Aliasing allows a PE router to advertise reachability of a particular ESI to remote PEs even if it has not learnt any MAC addresses over that Ethernet Segment. This is achieved using Ethernet A-D Route per EVI (not per Ethernet Segment).

Note: Ethernet A-D Route type per ES and per EVI are differentiated by the RD and ESI. If RD is of the form IP_ADD:0 and ESI=0, then the route-type is per ES. If the RD is of the form IP_ADD:Unique_Number and ESI!=0, then the route-type is per EVI.

In case of figure 1, both PE1 and PE2 will advertise reachability of ESI to remote PE3 and PE4 using Ethernet A-D route type, for all EVIs that ESI spans across (multiple Route Targets). Also, PE1 will advertise reachability of MAC address associated with CE1 device using MAC Advertisement route type to PE3 and PE4 routers. If remote PEs needs to forward traffic to CE1, it can use-

-    <ESI, Ethernet Tag> information from PE1 and PE2 (Fast Convergence procedure)
-    <MAC address, ESI> information from PE1 (MAC Advertisement procedure)

If PE1 and PE2 do not set A-S flag in ESI MPLS Label extended community in Ethernet A-D route type, then remote PEs must treat the Ethernet Segment as operating in all-active redundancy mode. Hence, remote PEs can now load balance the traffic that they receive from their local CE devices, destined for CE1, behind PE1 and PE2.

When PE1 or PE2 receive traffic from remote PEs destined for CE1, if the packet is unicast MAC packet, it is forwarded to CE1. If the packet is a BUM packet, only one of PE1 and PE2 must forward the packet to CE1 - which PE forwards the packet to CE1 is decided by DF Election. This is discussed next.


Designated Forwarder (DF) Election

If a CE device is multi-homed to two or more PE routers, one of the PEs is elected a Designated Forwarder (DF). Only a DF forwards a multi-destination (BUM) packet to the Ethernet Segment towards CE; other PEs drop the BUM packet.

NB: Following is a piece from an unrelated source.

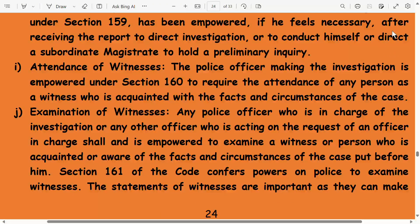Attendance of witnesses: the police officer making the investigation is empowered under Section 160 to require the attendance of any person as a witness who is acquainted with the facts and circumstances of the case. Examination of witnesses: any police officer in charge of the investigation, or any other officer acting on his request, is empowered to examine a witness or person who is acquainted with or aware of the facts and circumstances of the case put before him. Section 167 of CrPC confers power on the police to examine witnesses.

DF election is based on the information received in Ethernet Segment routes. Each PE router builds an ordered list of Ethernet Segment routes based on originating PEs IP address. The PE router with highest IP address is elected the DF and the next highest IP address PE router is elected the Backup DF (BDF). BDF takes over in case of DF failure. A DF/BDF is elected for each Ethernet Segment.


MAC Mobility


Consider figure 9 where a Virtual Machine with MAC A is present on a server connected to PE1 and PE2 routers via ESI=10. When PE1 and PE2 learn MAC A, one of them advertises this MAC address in BGP to remote PEs. A Server Administrator than performs vMotion and relocates the VM on a server connected to PE3 and PE4 routers via ESI=20. When PE3 or PE4 learns MAC A in the data plane over ESI=20, one of them will advertise the MAC in BGP to PE1 and PE2 using MAC Advertisement route type and a new MAC Mobility extended community. The MAC Mobility extended community contains a Sequence Number which basically means the newness of the MAC address. 


Since PE1 and PE2 cannot detect whether MAC A has moved to another Ethernet Segment, the reception of new MAC Advertisement with MAC Mobility extended community acts as a trigger for these PEs to perform MAC Withdraw.


Conclusion

EVPN seems like a great new technology which provides more benefits over traditional VPLS. Data Center Interconnect (DCI) is definitely its application area but weaving a Layer3 fabric within the data center is also a very interesting concept.